In a given year, about 1.52×1010 pieces of first-class mail are delivered in the U.S. If each piece of mail carries a stamp costing $0.55, what is the total cost in dollars to deliver all the pieces? Write the answer in scientific notation, expressed to the exact decimal place.(1 point)
I apologize for the mistake. Let's correct the calculation.
The total cost to deliver all the pieces of first-class mail can be calculated by multiplying the number of pieces by the cost of each stamp.
1.52 × 10^10 pieces x $0.55/stamp = $8.36 × 10^9.
Therefore, the total cost in dollars to deliver all the pieces is 8.36 × 10^9 dollars.
The total cost to deliver all the pieces of first-class mail can be calculated by multiplying the number of pieces by the cost of each stamp.
52×1010 pieces x $0.55/stamp = $8.36×1010
In scientific notation, this is expressed as 8.36x1010 dollars.
thats wrong
To find the total cost in dollars to deliver all the pieces of mail, we can multiply the number of pieces of mail by the cost of a stamp.
Number of pieces of mail = 1.52×10^10
Cost of a stamp = $0.55
Total cost = (Number of pieces of mail) x (Cost of a stamp)
Total cost = 1.52×10^10 x $0.55
Let's calculate the result:
Total cost = 1.52×10^10 x $0.55 = $8.36×10^9
Therefore, the total cost in dollars to deliver all the pieces is $8.36x10^9.
To find the total cost to deliver all the pieces of first-class mail in the U.S., you can multiply the number of pieces of mail by the cost of a stamp for each piece.

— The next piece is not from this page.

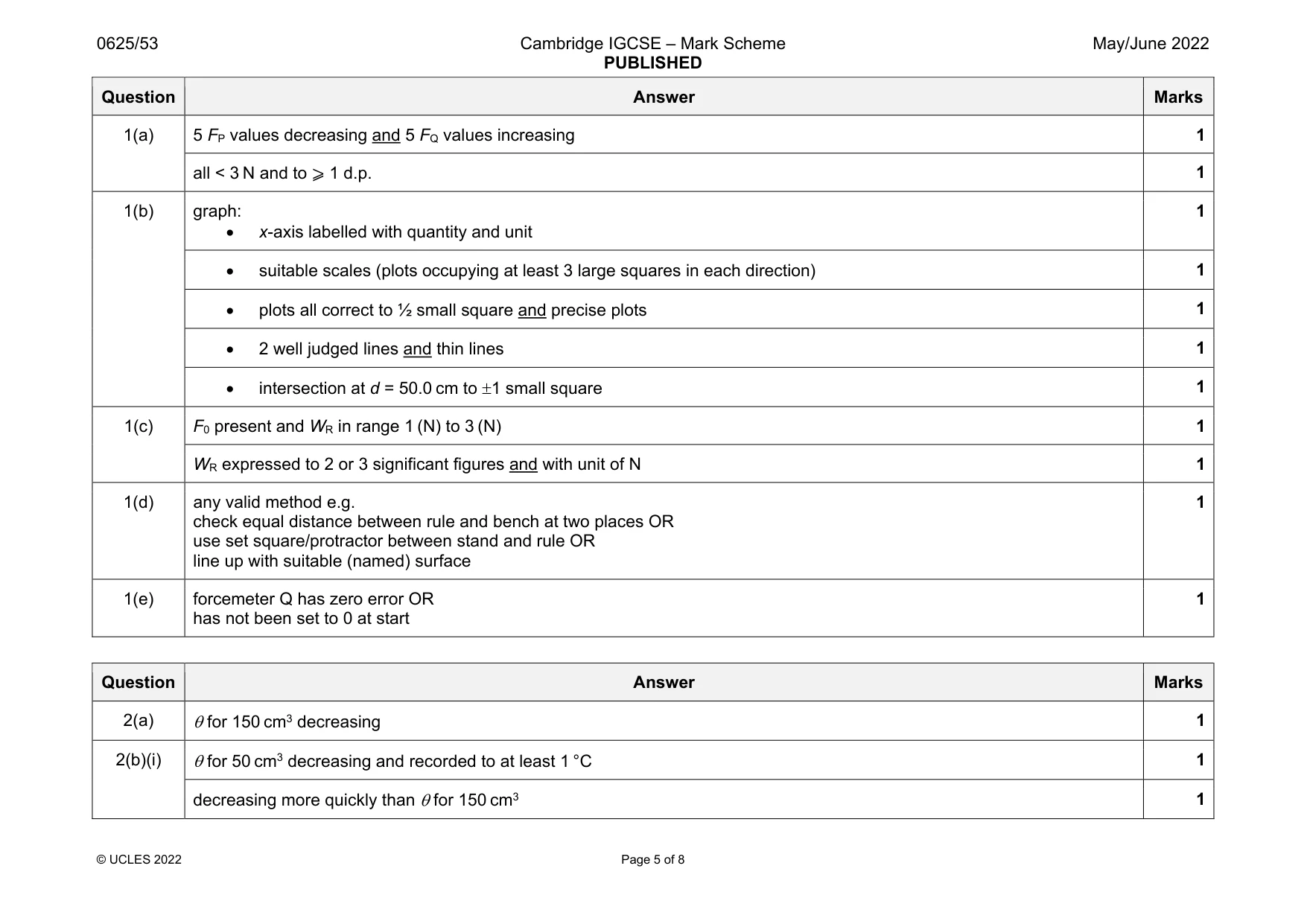 Mark scheme, page 5 of 8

Let's go step by step.
Step 1: Convert the given number, 1.52×10^10, to standard decimal form:
1.52×10^10 = 1.52 * 10,000,000,000 = 15,200,000,000
Step 2: Multiply the number of pieces of mail (15,200,000,000) by the cost of a stamp ($0.55):
15,200,000,000 * $0.55 = $8,360,000,000
Step 3: Convert the result, $8,360,000,000, to scientific notation:
$8,360,000,000 = 8.36 * 1,000,000,000 = 8.36×10^9
Therefore, the total cost to deliver all the pieces of first-class mail in the U.S. is $8.36×10^9 in scientific notation.